The Council of Mortgage Lenders has today published its half-yearly data on mortgage arrears and possessions. The CML has also substantially revised its previously published data back to the beginning of 2003.

More lenders have begun to contribute to the CML’s arrears and possessions survey (68 CML members accounting for 94% of members’ mortgage business). This has revealed that the previous sample was less representative of the total market than previously believed. As a result, the CML has introduced weightings to reflect the changing
composition of lending when grossing up the numbers to provide its estimate for the whole of the market.

The number of mortgages in arrears of three months or more at the end of June rose to an estimated 125,100, up 4% compared with the end of December but 3% lower than at the end of June 2006. Of these, the majority (71,800) were in arrears of 3-6 months, while 38,300 were in arrears of 6-12 months, and 15,000 more than 12 months. Around 1% of all mortgages were in arrears – this proportion has been stable at
low levels for several years.

At 14,000, the number of properties taken into possession in the first six months of the year rose by nearly 18% compared with the previous half-year, and nearly 30% compared with the first half of 2006. Although significantly higher than in the recent past, when possessions reached extremely low levels, the number remains low by historical standards. It equates to around 1 in 840 mortgages ending in possession in the first half of this year.
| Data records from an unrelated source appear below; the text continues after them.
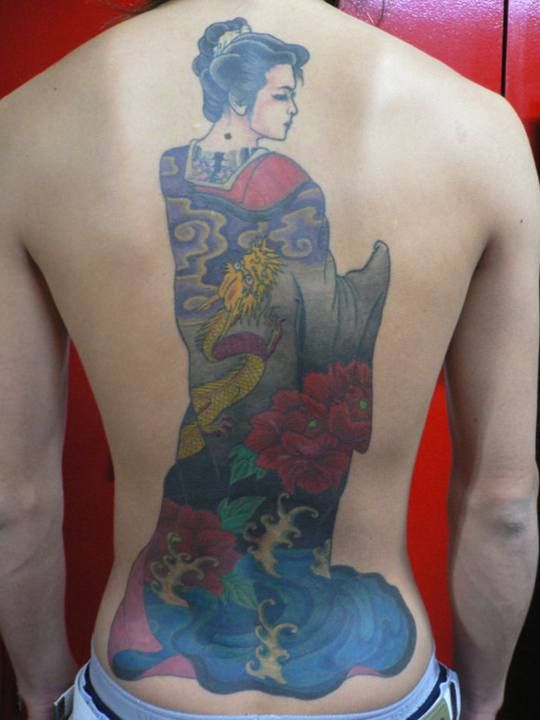 背中,カラータトゥー/刺青デザイン画像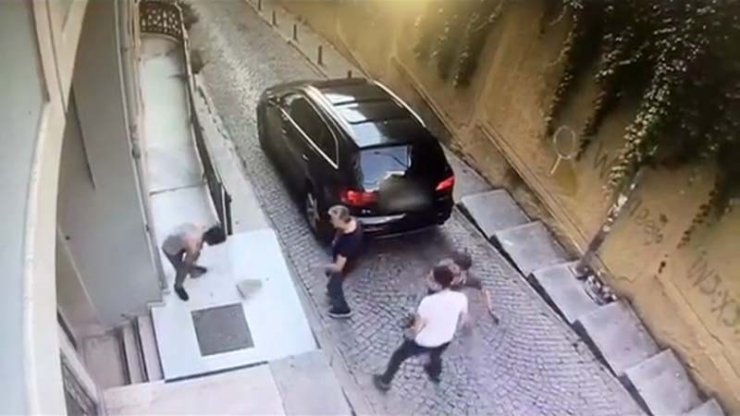 Beyoğlu’ndaki tornavidalı dehşetin kamera görüntüleri ortaya çıktı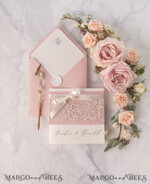HOCHZEITS EINLADUNGEN vintage Spitze / rustikale Spitze Vintage Lace Elfenbein Hochzeits Einladungen Elegante Einladungen Elfenbeinband und Schleife mit Blush20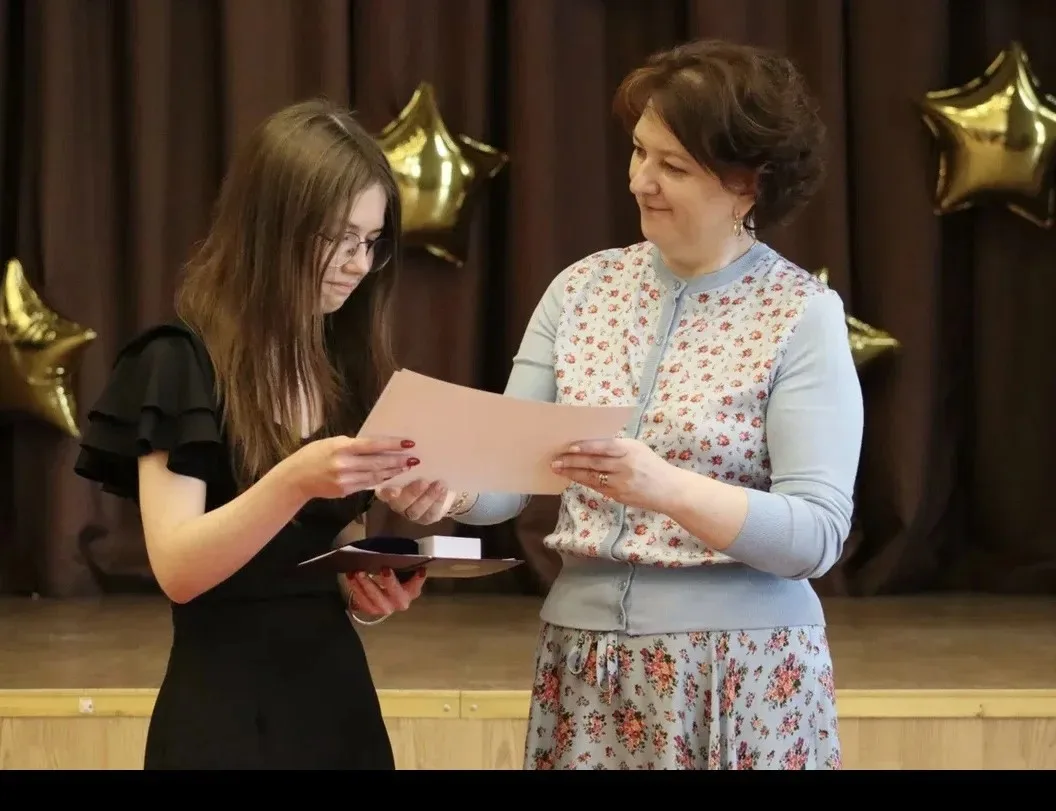 ✨🎓 НОВЫЕ ЗВЁЗДЫ «СОЗВЕЗДИЯ» ЗАЖГЛИСЬ! 🎓✨
🌟 Июнь. 20 корпус.  Здесь состоялось трогательное вручен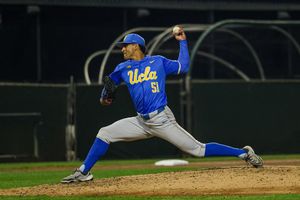 Image post by @UCLABaseball on Twitter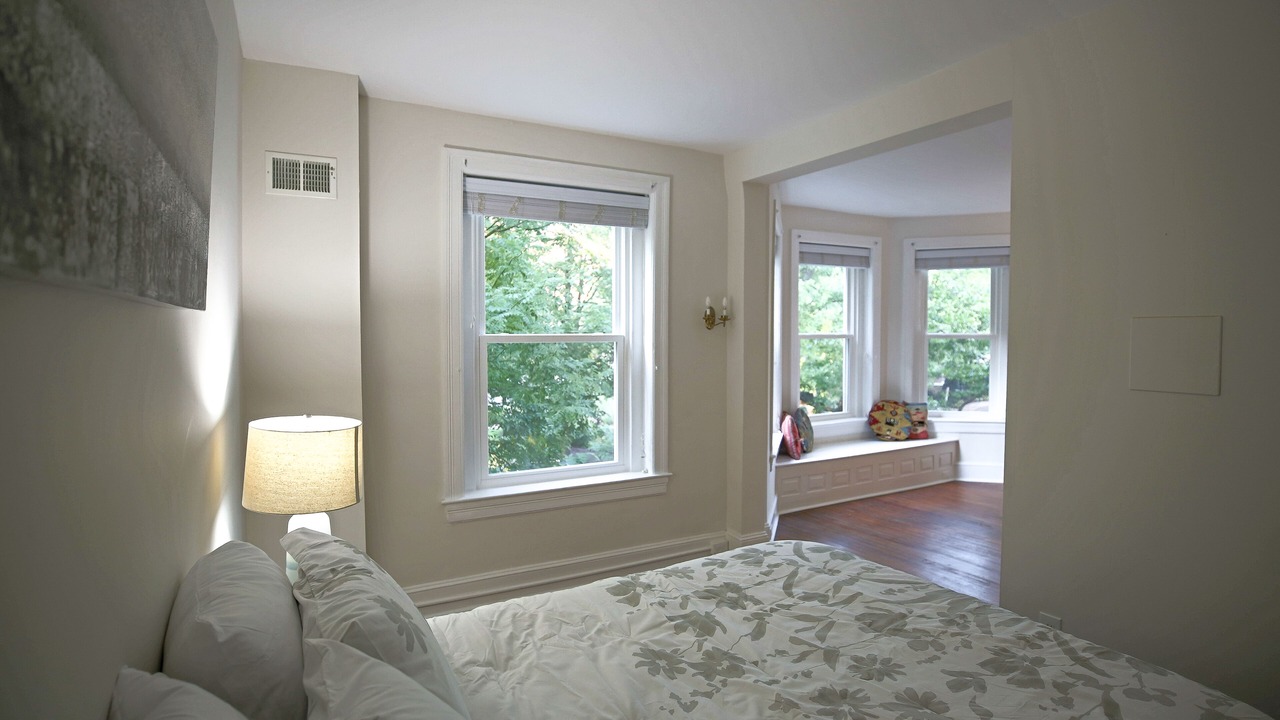Photo of Bedroom in Woodley Park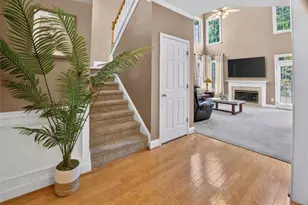 412 Cherry Tree Ln, Marietta, GA 30066 - Photo 5
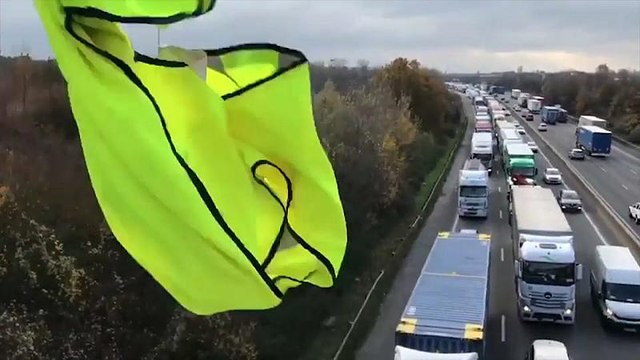 Жёлтые жилеты планируют блокировать Париж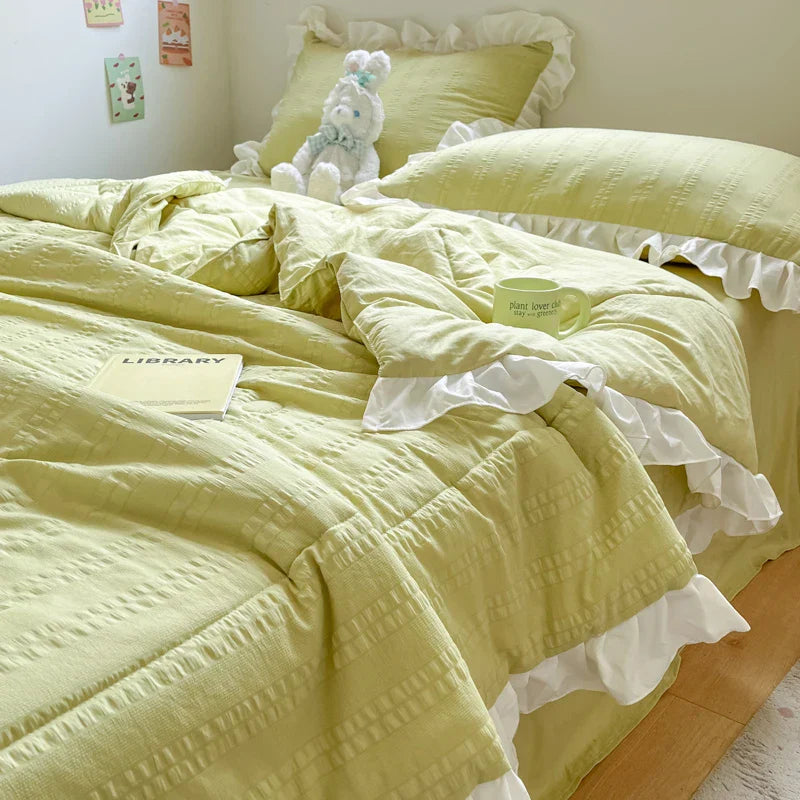 Korean Princess Style Summer Cool Quilt Comforter Soft Seersucker Lace Ruffles Summer Thin Quilt Blanket Machine Washable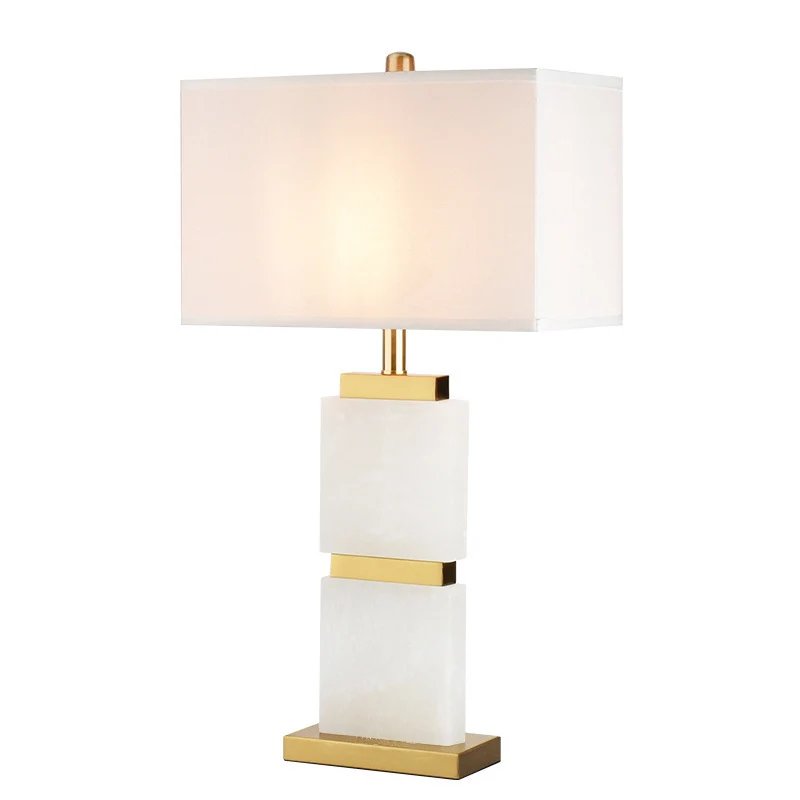 Moderne dekorative Tischlampe mit Marmorfuß und elegantem Schirm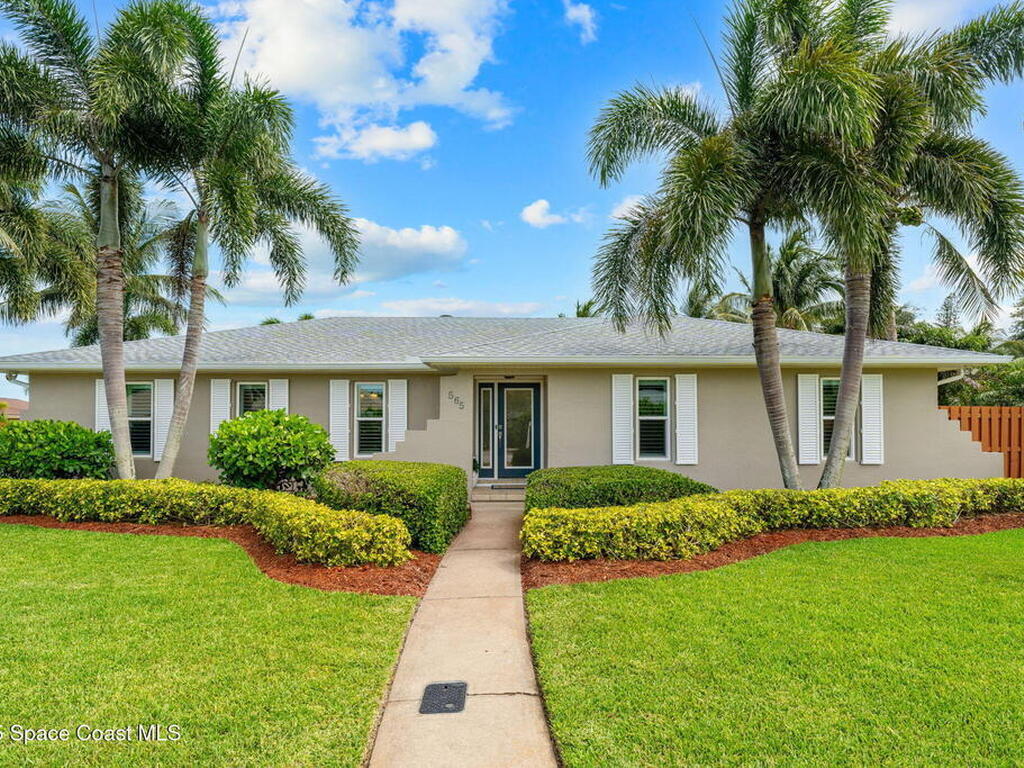 565 Solitaire Palm Drive, Indialantic, FL 32903
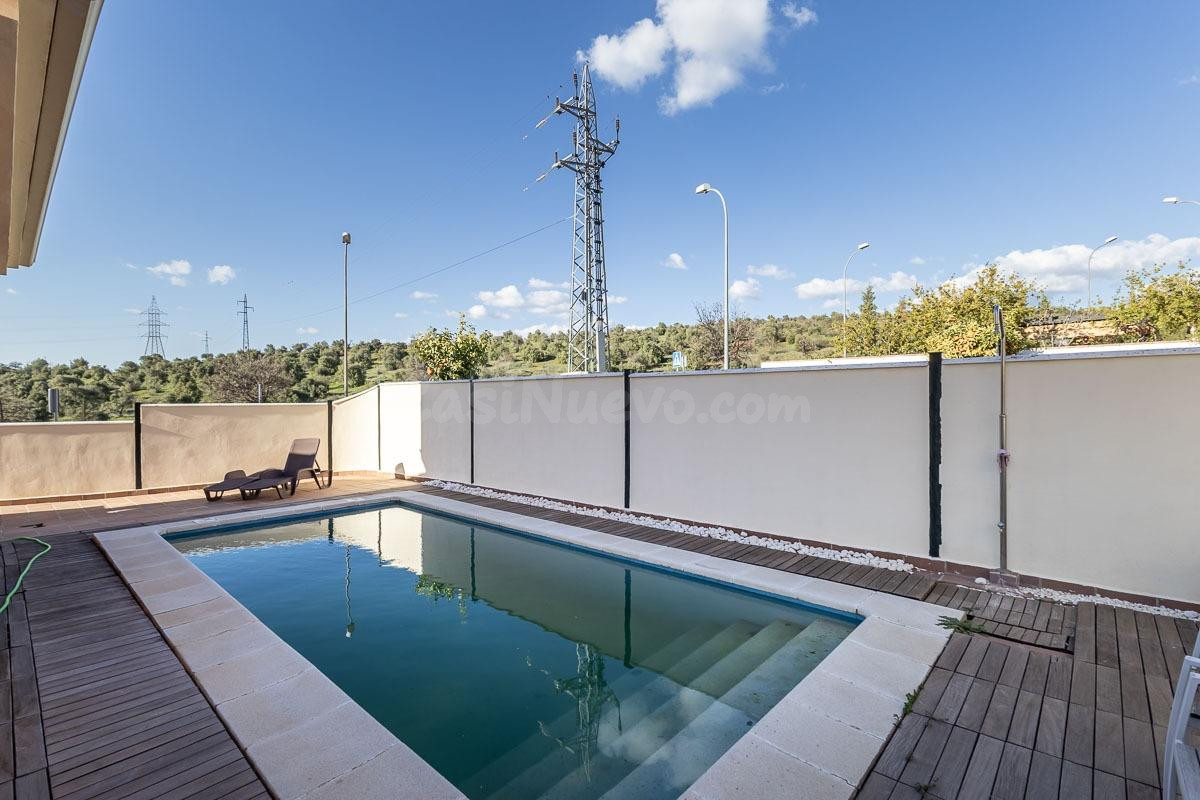 Casa pareada con piscina y vistas despejadas en Huétor Vega - foto 4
Possessions have risen more sharply than arrears for the past two years. This is likely to reflect a number of factors, notably:
The impact of an increasing amount of sub-prime lending within the overall market, where the higher risk nature of the business means that arrears are more likely to translate through to possessions, and that this is likely to happen at an earlier stage.

Increasingly active arrears management by all lenders – lenders now typically seek contact with the borrower to establish a repayment plan as soon as one payment is missed, so it is likely that many households avoid falling further into arrears unless their financial situation makes this unavoidable.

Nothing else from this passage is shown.